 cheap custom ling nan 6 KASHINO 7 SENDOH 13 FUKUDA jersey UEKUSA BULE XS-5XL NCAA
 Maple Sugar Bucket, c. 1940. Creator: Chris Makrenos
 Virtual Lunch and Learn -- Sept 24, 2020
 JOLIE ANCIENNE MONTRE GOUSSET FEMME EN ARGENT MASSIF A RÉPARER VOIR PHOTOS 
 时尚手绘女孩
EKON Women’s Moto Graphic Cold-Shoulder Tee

==

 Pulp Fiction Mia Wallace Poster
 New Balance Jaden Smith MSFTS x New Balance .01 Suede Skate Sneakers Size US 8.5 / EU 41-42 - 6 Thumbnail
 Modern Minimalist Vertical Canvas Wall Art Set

▸ Problem statement: From the records above, reproduce exactly the lines from the one with "cheap custom ling" to the one with "EKON Women’s Moto Graphic Cold-Shoulder Tee", both included, and no others.

▸ Exercise answer:
 cheap custom ling nan 6 KASHINO 7 SENDOH 13 FUKUDA jersey UEKUSA BULE XS-5XL NCAA
 Maple Sugar Bucket, c. 1940. Creator: Chris Makrenos
 Virtual Lunch and Learn -- Sept 24, 2020
 JOLIE ANCIENNE MONTRE GOUSSET FEMME EN ARGENT MASSIF A RÉPARER VOIR PHOTOS 
 时尚手绘女孩
EKON Women’s Moto Graphic Cold-Shoulder Tee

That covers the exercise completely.